God is smart, because He knows what went down in the garden, when the serpent was chit chatting with Eve. He knew that the second that she bit into that apple, that the action would doom man to be poisoned with an overwhelming sense of self.  Before the fall, man and woman had their focus on God, and each other... and it was good. Then the idea was brought forth for disobedience, The idea that "God did not say" That there was another word contrary to the truth...   Your word, your way, that surely, You will not die.

The two greatest commands are Love God with all your heart soul and strength, and the second like it, love your neighbor as you would yourself.

Now we struggle to love God in our churches. We don't read much of His word. We don't spend much time in prayer.
When we do, it is usually us telling God what we want, or what we think we need.
Should we pick up a Bible, its generally about a minute or two that we read a passage and then we wait until service for a preacher to tell us more things about what the word of God might say because we want to spend our time doing everything except reading it for ourselves.

Love your neighbor as yourself.
All of the commands of God are pointing to this place where God is trying to get us to stop focusing so intently on US, when we should be submitting to Him.

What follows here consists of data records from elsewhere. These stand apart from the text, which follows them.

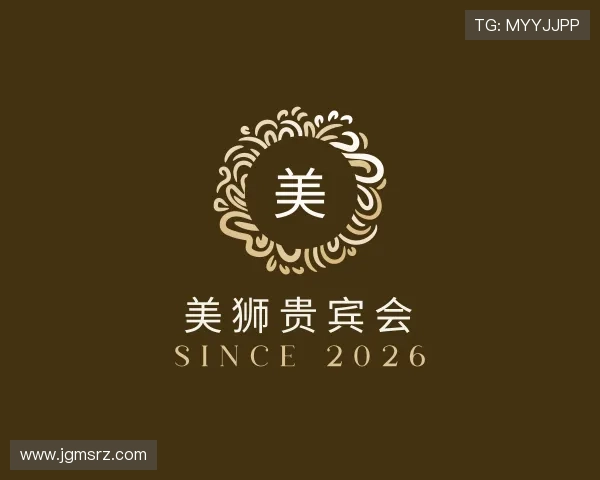 认识美狮贵宾会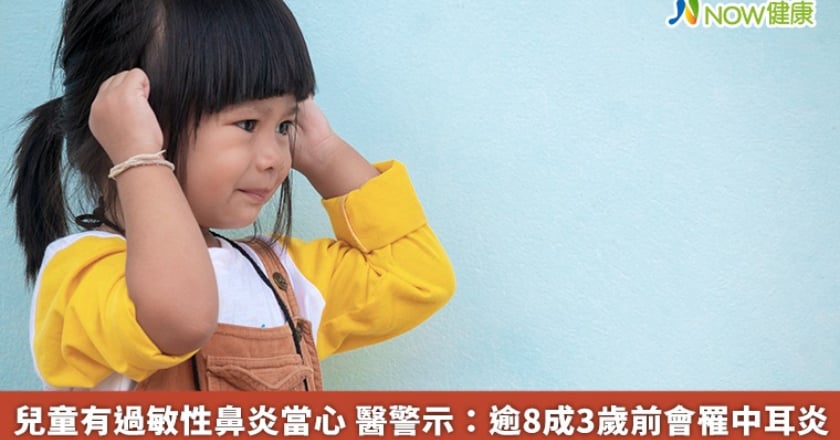 兒童有過敏性鼻炎當心 醫警示:逾8成3歲前會罹中耳炎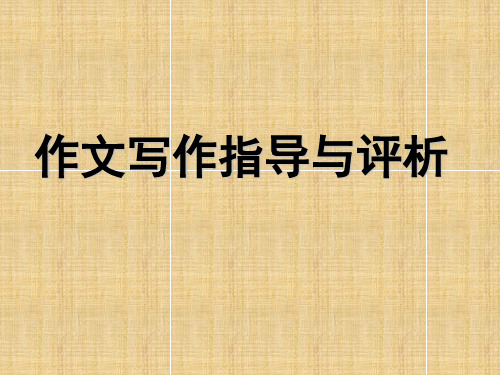 《我贴在地面步行,不在云端跳舞》材料作文课件精编版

This sickness of self, it is rampant through the body of Christ. We don't have time to listen to what God wants us to do... because WE are too busy doing the things that WE like, in His name.

It's like throwing a party with a chocolate cake, and a chocolate fountain and chocolate ice cream with chocolate fudge and chocolate sprinkles with chocolate chip cookies and chocolate milk.... for the kid that is deathly allergic to chocolate.

Pride is an over inflated sense of self.


I'll get transparent here with something that happened years ago.

The worst pain that I have ever felt in my heart, was brought about from a moment when I heard the devil say words with my voice. I was experiencing a situation that seemed so, perfect. It involved a woman. When I was near this woman I was the happy. We had feelings for each other.  When I looked at my life, and my situation and all the places I've been and all the things I lost... all the suffering I'd endured in my young life... I was not looking at God, or HIS word... I heard that voice that sounded like mine say "You deserve this one thing. You deserve to be happy in this."  This relationship it felt so right, and romantic, and magic...

...but it didn't feel obedient.

The more years I put between then and now, the more I see how little I understood about love, you know. The sacrificial true stuff. I think one of the hardest things that I have ever done in my life is not be with that woman. My love and my duty to God, my focus on Him... that took me in another direction.
Had I said to heck with everything and stayed, what could I ever have spoken of on Honor, and Submission, Sacrifice and self denial? What could I have said that wouldn't have been contradicted by my action?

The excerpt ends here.